De grand matin le bruit du canon et des mitrailleuses sonne un triste réveil. Au carrefour des Sorbiers gisent trois morts. Le maire fait appel aux séminaristes qui font partie de la Croix-Rouge pour les ramasser. Ils trouvent un soldat français en uniforme; il porte la croix de Lorraine sur le casque. Il y a également un civil. Le troisième est un soldat allemand qui avait été caché dans un trou par peur des représailles.

 Pendant que les secouristes s'occupent des morts, des gens indignés et horrifiés annoncent qu'un Père et un jeune homme tués par les Allemands gisaient sur la route des Sorbiers. L'on trouve le Père Mazurié, couché sur le dos, à l'angle du carrefour à l'endroit précis de l'arrêt de l'autobus. Le crâne était fracassé, les balles tirées dans la figure étant ressorties par le haut; le bras et la main droite sont couverts de sang; le bas de la soutane est déchiré.
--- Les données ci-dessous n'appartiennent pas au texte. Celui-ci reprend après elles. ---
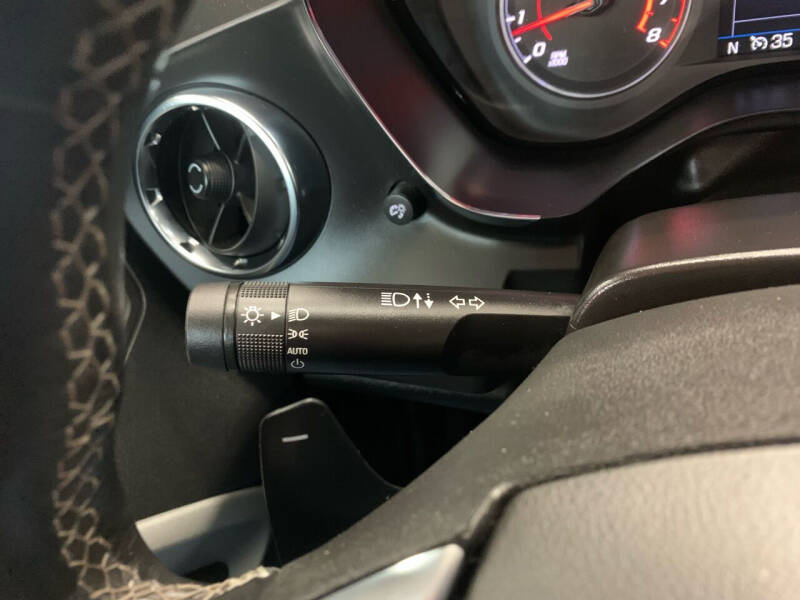 2022 Chevrolet Camaro LS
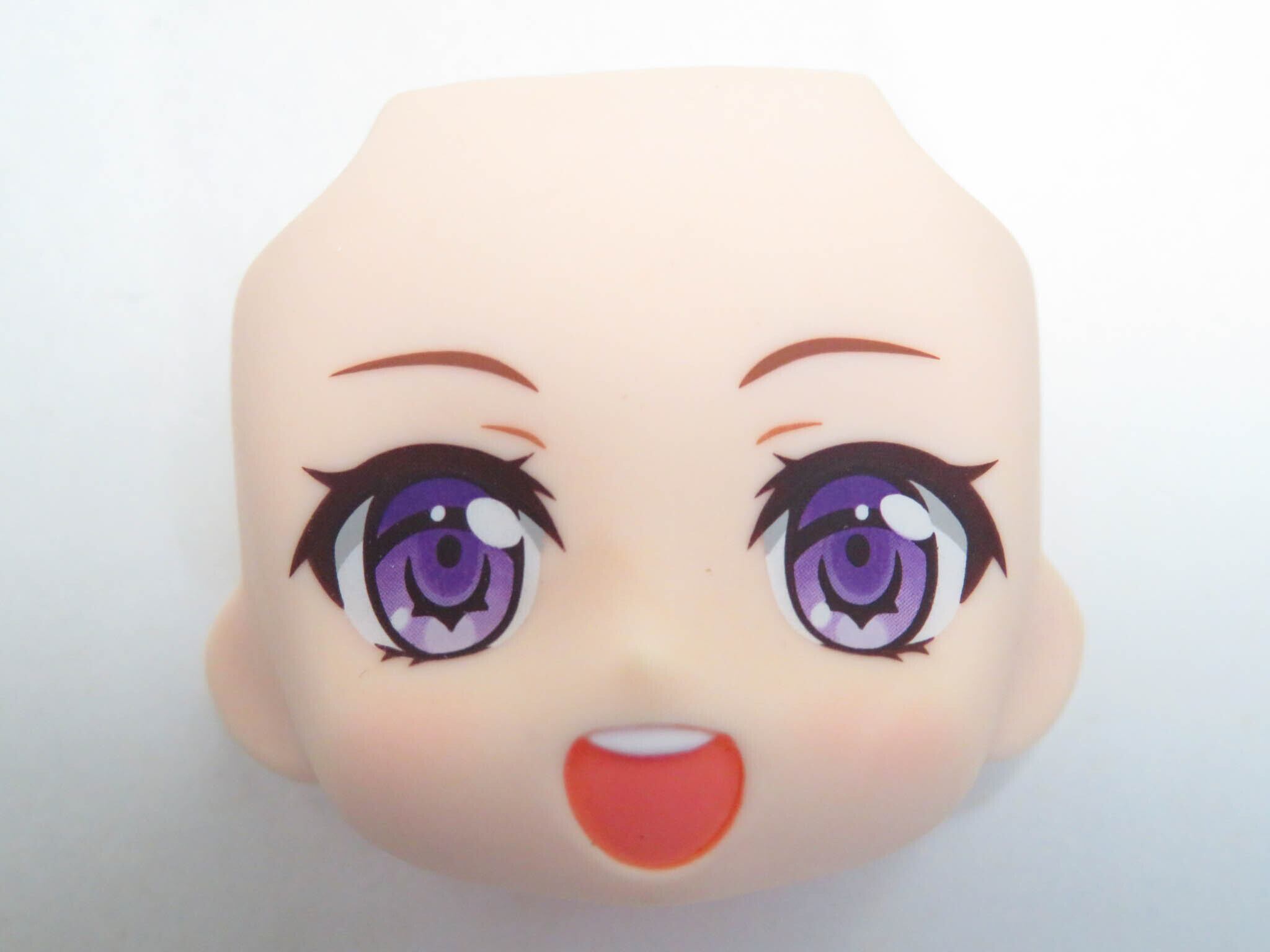 再入荷(A−ランク)【740】 戸山香澄 顔パーツ 普通 ねんどろいど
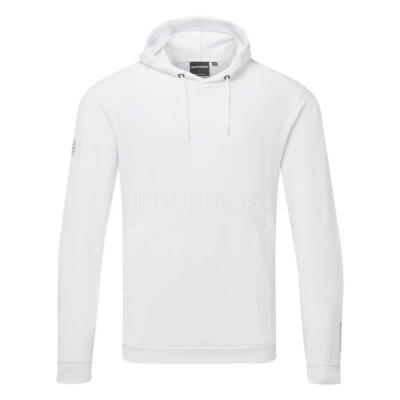 Galvin Green Donnie Insula Golf Hoodie White C01000519409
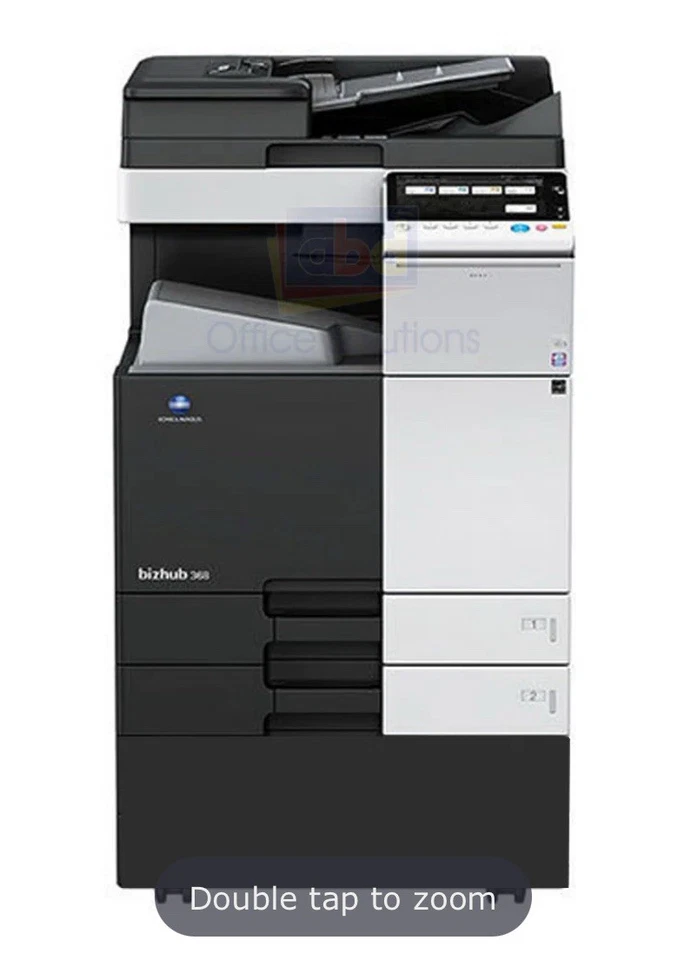 Minolta 368e - Image 2 of 2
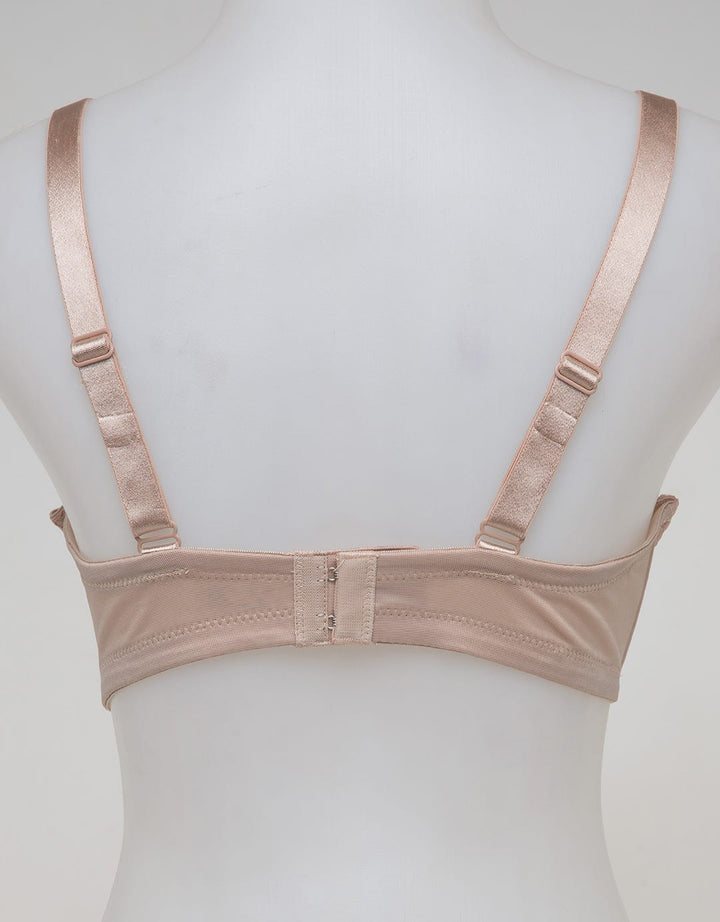 Tulip New Upgrade Lace Wire Bra Wanita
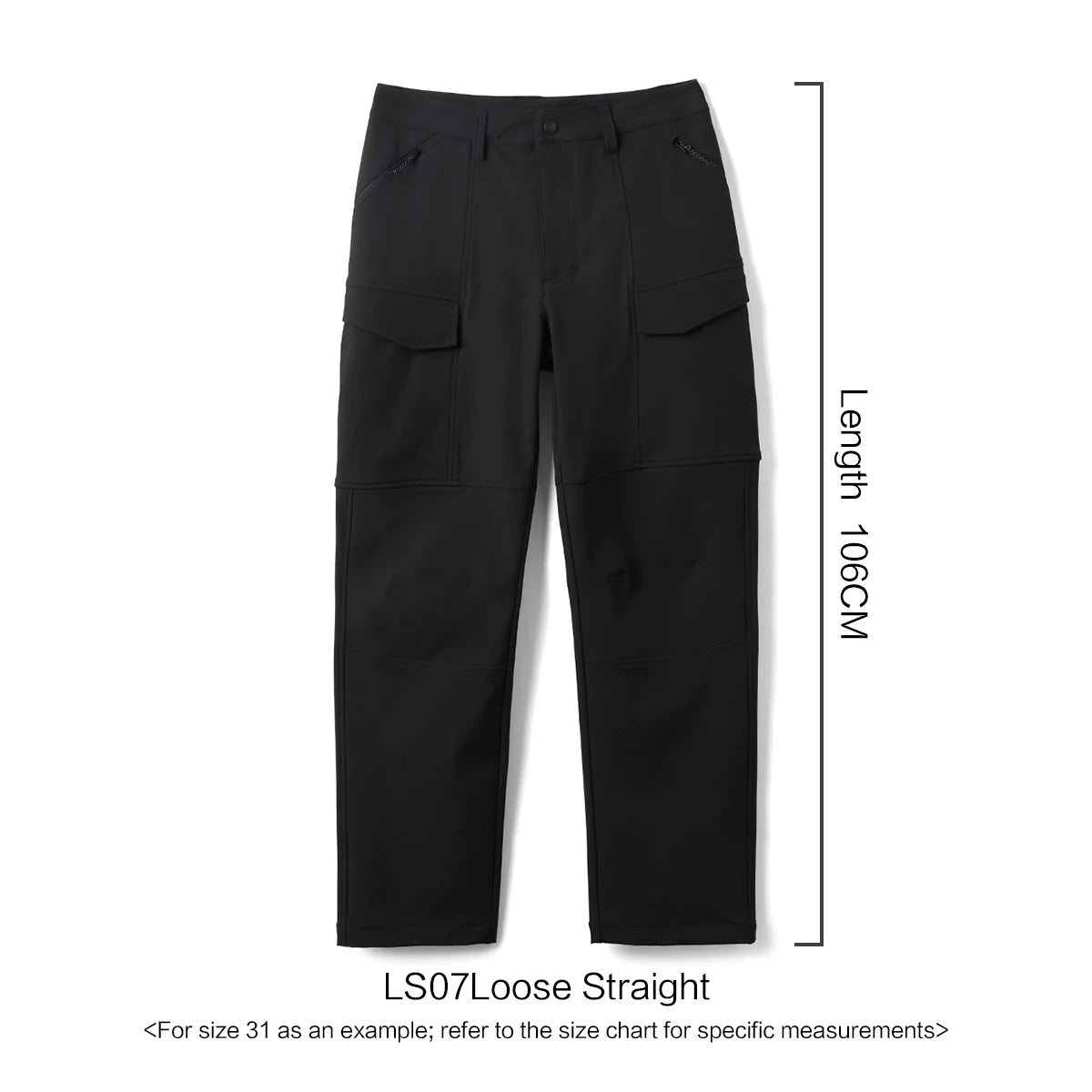 SIMWOOD Softshell Pants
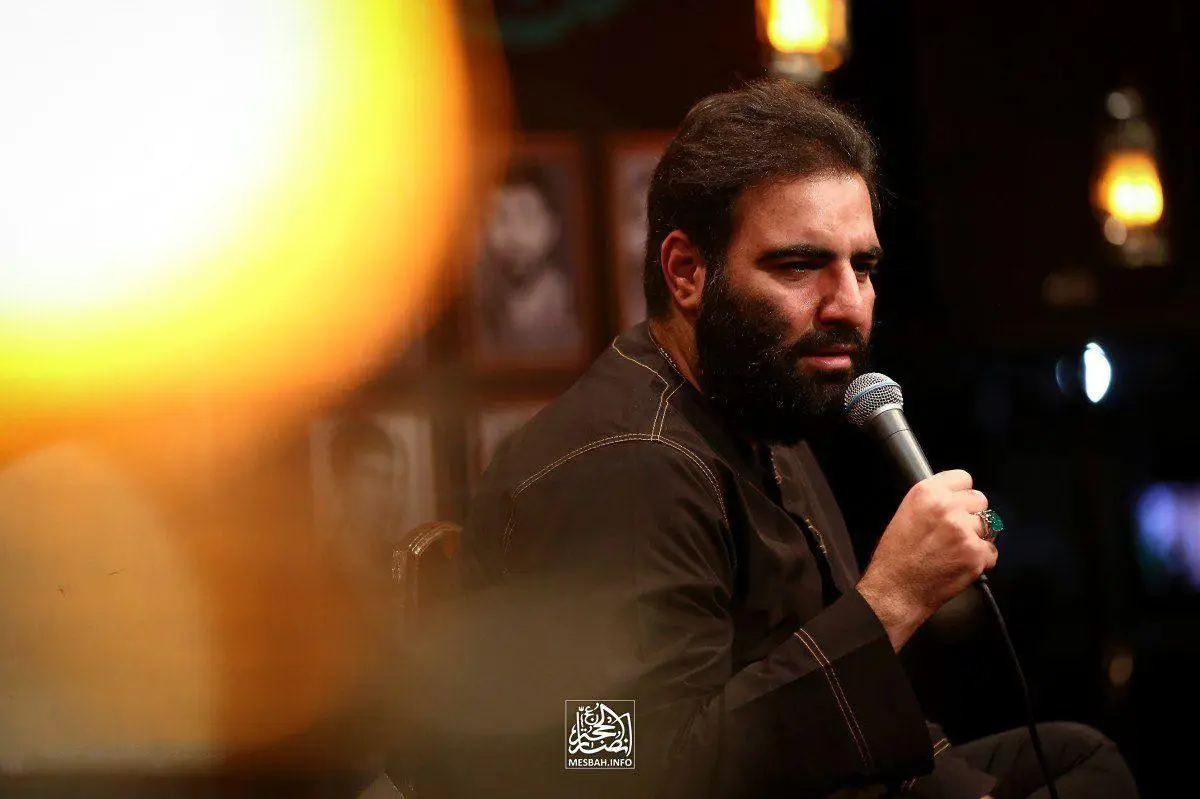 کاور نماهنگ تصور کن اربعین کربلا - امیر کرمانشاهی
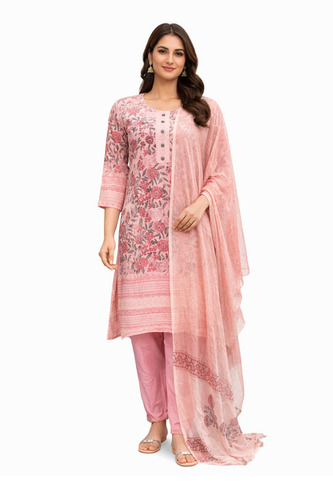 Women 3 Pcs Set - Decoration Material: Cloths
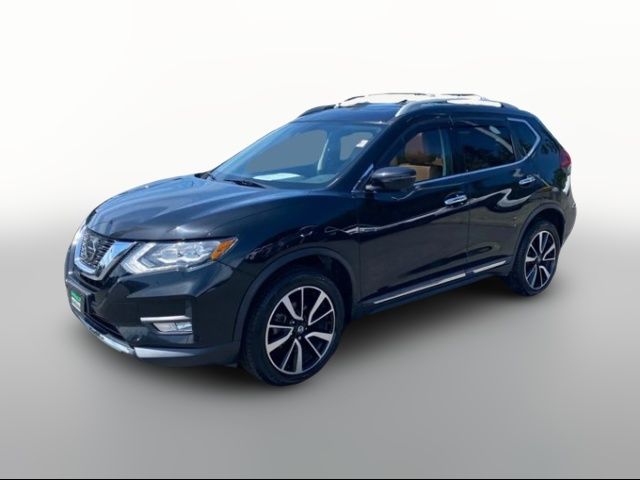 2020 Nissan Rogue SL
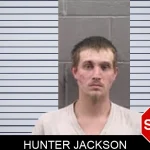 Hunter Jackson Mugshots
A côté de lui gisait un garçon de 17 ans, Jacques Hellouin.

Toute la journée les troupes américaines passent sur la route de Fontainebleau en direction de Paris. Sur la route Jean Mermoz, c'est l'armée du général Leclerc qui va faire son entrée dans Paris. La foule est là. Elle acclame les libérateurs. Dans les clochers, les cloches chantent joyeusement la victoire. Au moment où tous les blindés défilent sur le territoire de la commune, le curé chasse à coups de pied les jeunes qui veulent sonner les cloches de l'église. Il ne veut pas entendre parler de la victoire des Alliés; c'est un germanophile cent pour cent.

Marc Ellenberger, dont le résultat des recherches est exposé plus loin, a recueilli auprès d'un ancien FFI de Chevilly-Larue le témoignage suivant : "Si les cloches n'ont pas sonné c'est parce que le curé n'en avait pas reçu l'ordre de sa hiérarchie et qu'il était du genre timoré; il avait sans doute peur des représailles. Devant son refus énergique, il a été traité de "collabo" par dépit. Cela ne veut pas vraiment dire qu'il était un collaborateur".

Vers les 14h00 toute résistance allemande semble avoir cessé. Le bruit du canon s'est tu. Les drapeaux français et alliés sont accrochés aux fenêtres des maisons; le Séminaire, à cause de la mort du Père Mazurié, ne sortira les siens que dans la soirée; le presbytère, malheureusement, ne pavoisera pas…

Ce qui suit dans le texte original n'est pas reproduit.